How to help people communicate a picture that’s living in fuzzy form inside their heads – before you take that first stab at the work?
Card sorting activities provide a powerful (and fun!) tool for helping others give concrete shape to their vision for a project. They’re as simple as they sound – giving people a set of cards labeled with descriptive words or pictures and watching them sort the cards into categories.
Along the way, your collaborators get to discover and clarify (and sometimes hotly debate) what they’re envisioning, and you hear rich details and stories that help you understand what they mean. Everyone’s aligned earlier in the game, and you can deliver exactly what they need with fewer rounds of feedback.

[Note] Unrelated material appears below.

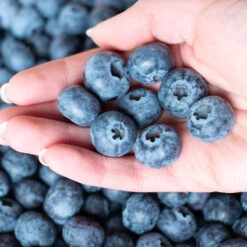 Premier Blueberry Bush 10 Premier Blueberry Bush -Geen Shop Premier Blueberry 5 BB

Drawing on the work of card sort greats like Donna Spencer and Margot Bloomstein, this workshop will teach you the practical details of running a card sort to clarify a vision, and the subtle nuances that will help you do it like the artful practitioner you already are.
Learning Outcomes:
You’ll walk away from this workshop with:
- foundational knowledge about card sorting, with case studies to show you what it looks like in action
- practical instructions for running a card sort, from planning to facilitating to figuring out what you’ve learned
- tips and tricks from the road, so you can avoid common mistakes
- hands-on practice at facilitating a card sort, so you can ask the nitty-gritty questions that come up when you try it yourself
Attendee Skill Level:
This workshop is appropriate for both students and beginners as well as seasoned practitioners. Attendees need only arrive with a baseline understanding of why shared vision is critical for a design project.
Presented By
Jen Sharber
Jen Sharber is a service designer in the fine city of Chicago, where she works as a consultant with small businesses who aim to do good for their communities.
In years prior, she led knowledge management and digital strategy programs at Teach For America, designing for the unique struggles of brand-new teachers. Jen spent her early professional years as the proverbial UX shop of one, doing a mashup of content strategy, information architecture, and web usability consulting.
Jen is passionate about coaching new designers. Her favorite challenges include building impossibly large affinity diagrams and mixing the perfect Aviation.